A rejeição de Messias foi um evento marcante, sendo a primeira vez desde 1894 que o Senado Federal recusa uma indicação presidencial para compor o STF. Apesar da relevância histórica, a notícia parece não ter alcançado a maioria dos cidadãos.

O levantamento, realizado com 2.004 pessoas em 139 municípios, indica que, dos que sabiam da rejeição, a maioria acredita que o episódio enfraqueceu o governo. Os detalhes da pesquisa foram divulgados nesta segunda-feira (18). Conforme informação divulgada pelo Datafolha.

Rejeição histórica com baixo alcance popular

A pesquisa do Datafolha, divulgada nesta segunda-feira (18), aponta que **59% dos brasileiros não souberam da rejeição de Jorge Messias**, indicado pelo presidente Lula, para uma vaga no Supremo Tribunal Federal. O advogado-geral da União foi recusado pelo Senado Federal em 29 de abril.

Dentre os 41% que afirmaram ter conhecimento do fato, a informação foi dividida em diferentes níveis: 19% se disseram bem informados, 18% mais ou menos e apenas 4% mal informados. A pesquisa ouviu 2.004 pessoas em 139 municípios do Brasil na última terça (12) e quarta-feira (13).

A margem de erro da pesquisa geral é de dois pontos percentuais. Já para os que responderam ter conhecimento da rejeição, a margem é de três pontos.

Impacto no governo e percepção dos eleitores

Entre os entrevistados que estavam cientes da rejeição de Messias, **53% acreditam que o episódio enfraqueceu o governo federal**. Em contrapartida, apenas 7% consideram que a rejeição fortaleceu o governo. Outros 36% opinaram que a decisão do Senado não afetou a força do governo, e 4% não emitiram opinião.

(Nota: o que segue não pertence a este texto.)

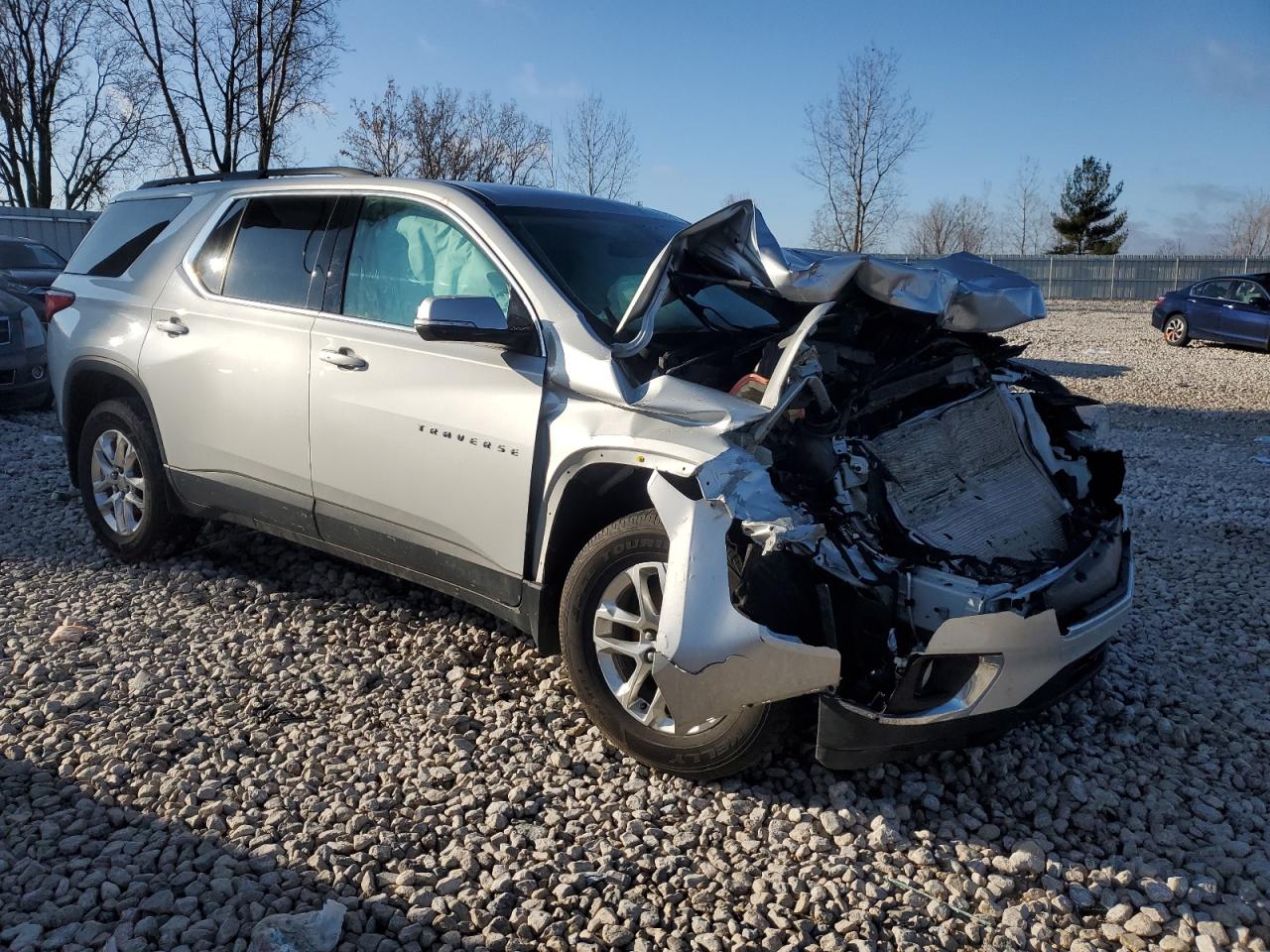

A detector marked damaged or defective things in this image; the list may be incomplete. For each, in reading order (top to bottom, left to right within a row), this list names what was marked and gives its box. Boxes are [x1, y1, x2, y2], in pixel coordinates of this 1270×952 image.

crumpled hood [611, 199, 1040, 343]
crushed front end [615, 200, 1127, 766]
damaged radiator [865, 389, 1072, 563]
damaged fender [643, 468, 841, 730]
broken bumper [814, 551, 1127, 766]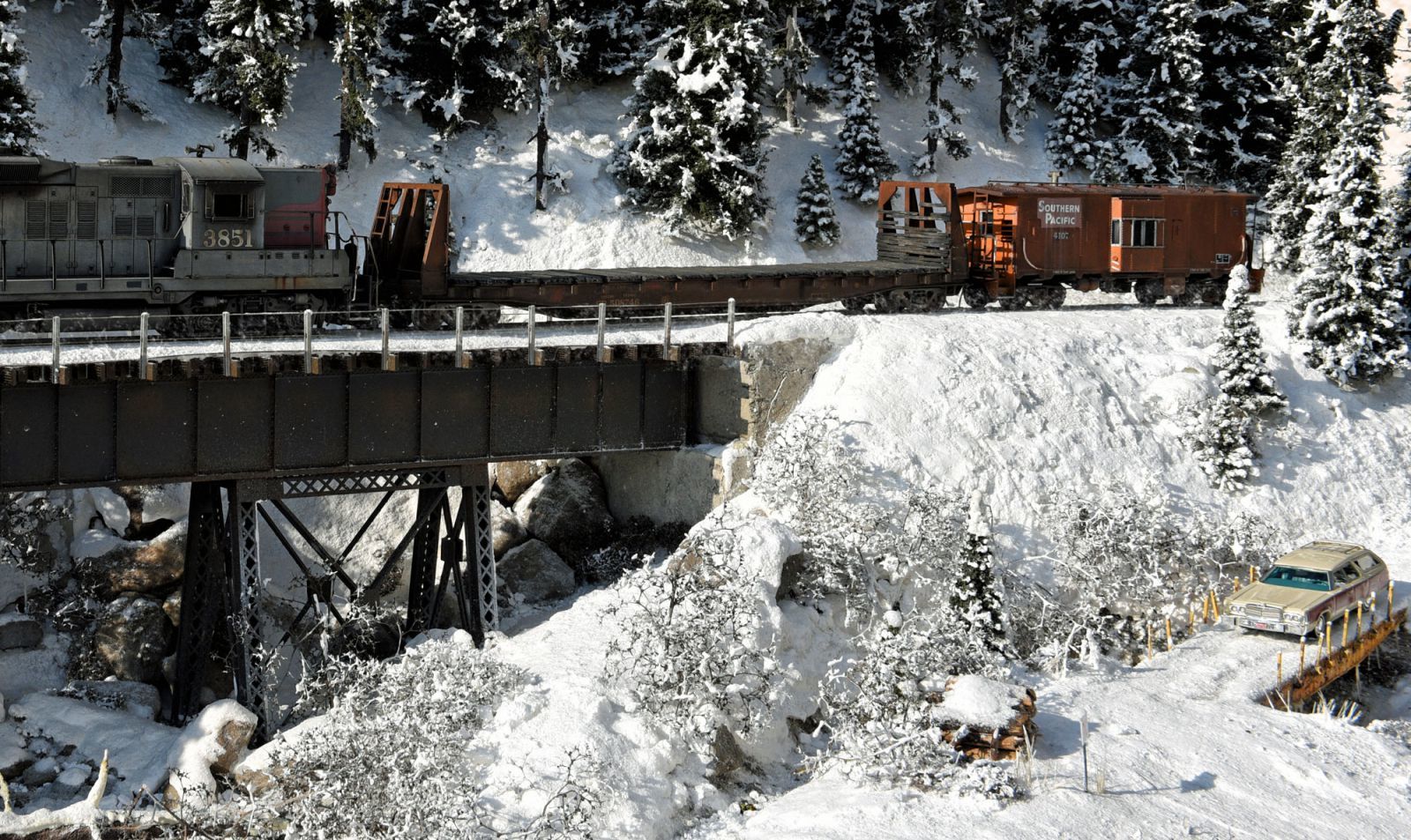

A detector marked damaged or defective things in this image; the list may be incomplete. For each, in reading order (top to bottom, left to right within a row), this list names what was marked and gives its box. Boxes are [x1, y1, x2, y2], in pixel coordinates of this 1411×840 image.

rusty metal surface [0, 356, 694, 493]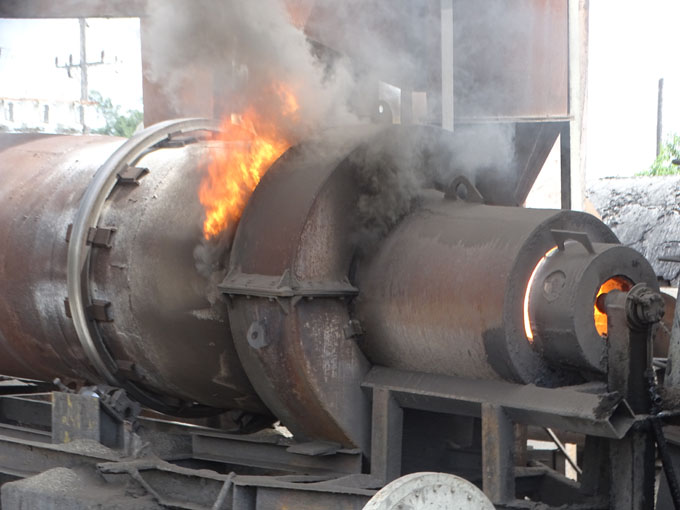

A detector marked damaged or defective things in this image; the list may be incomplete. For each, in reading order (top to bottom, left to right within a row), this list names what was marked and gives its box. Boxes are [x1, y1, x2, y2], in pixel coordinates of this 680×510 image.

rusty metal cylinder [0, 120, 266, 418]
rusty metal cylinder [356, 193, 628, 384]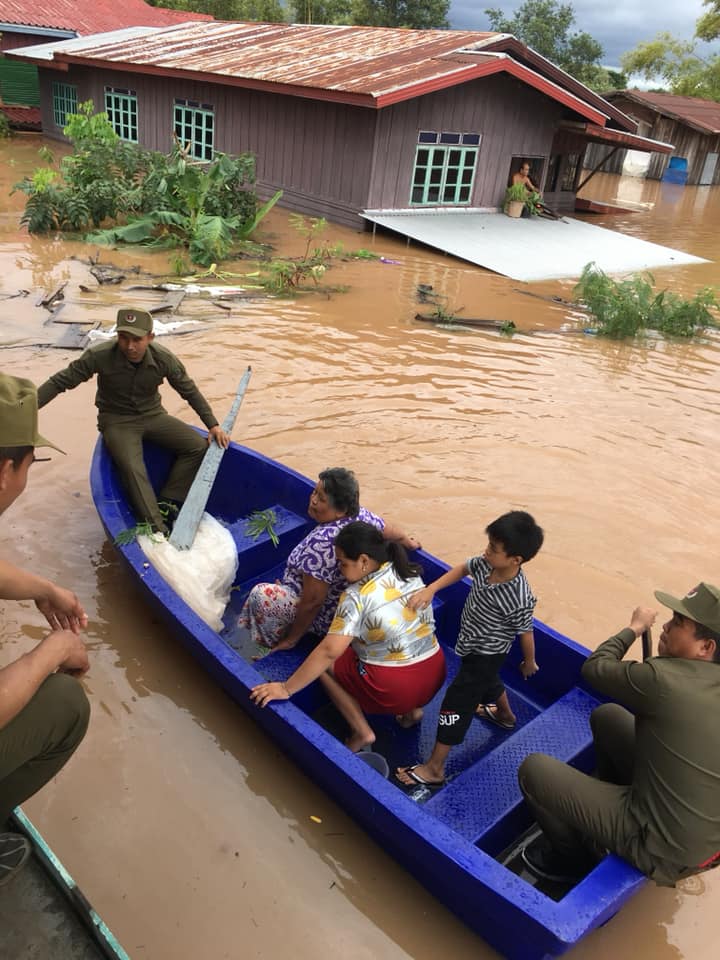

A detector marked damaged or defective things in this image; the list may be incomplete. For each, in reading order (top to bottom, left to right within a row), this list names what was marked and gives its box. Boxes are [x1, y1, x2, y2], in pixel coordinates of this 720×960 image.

rusty roof panel [53, 21, 500, 96]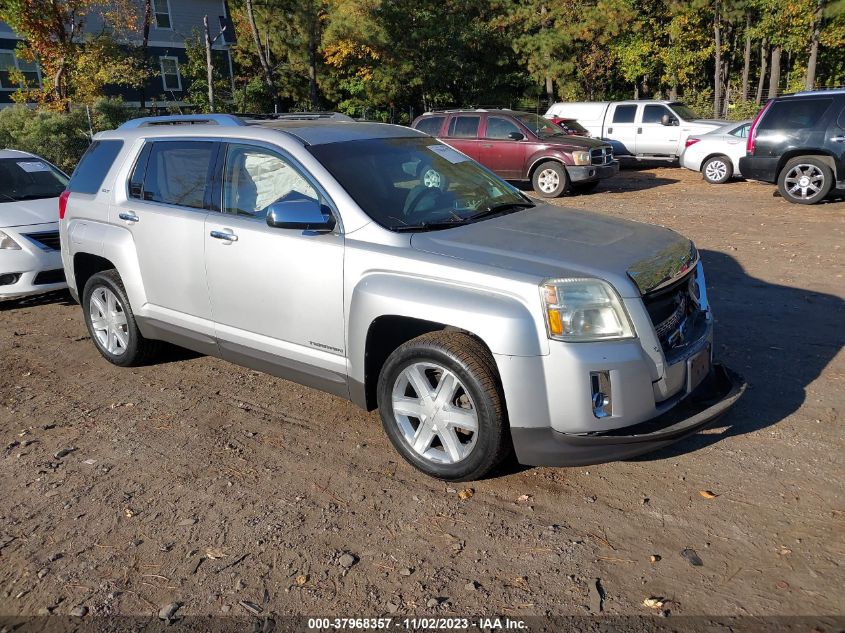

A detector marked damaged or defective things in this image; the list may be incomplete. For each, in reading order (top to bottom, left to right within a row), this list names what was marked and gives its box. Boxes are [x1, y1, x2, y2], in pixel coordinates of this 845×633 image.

Curiosamente, o **nível de conhecimento sobre a rejeição foi o mesmo entre o público evangélico**, grupo ao qual a indicação de Messias era vista como um aceno, com 59% declarando não ter sabido do ocorrido, assim como na população em geral.

No grupo de eleitores de Lula, **61% não tomaram conhecimento da rejeição**, um índice superior aos eleitores de Flávio, entre os quais essa taxa ficou em 50%. Já entre aqueles que pretendem votar em branco, nulo ou em nenhum candidato, o índice de desconhecimento chega a 72%.

Contexto da rejeição e próximos passos

A rejeição de Jorge Messias em 29 de abril foi um marco, pois representa a **primeira vez desde 1894 que o Senado Federal recusa uma indicação presidencial para o STF**. Messias foi derrotado por 42 votos a 34, em votação secreta, necessitando de ao menos 41 dos 81 senadores para aprovação.

Com a indicação arquivada, o presidente Lula precisa apresentar um **novo nome para ocupar a vaga deixada por Luísa Roberto Barroso**. Esta é a terceira indicação de Lula para o STF neste mandato, após Cristiano Zanin e Flávio Dino.

A rejeição ocorreu durante o governo do marechal Floriano Peixoto em 1894, quando cinco indicações foram recusadas. A possibilidade de Lula reenviar o nome de Messias é discutida internamente, mas há receio de nova derrota, especialmente pela norma administrativa do Senado que impede a análise na mesma sessão legislativa.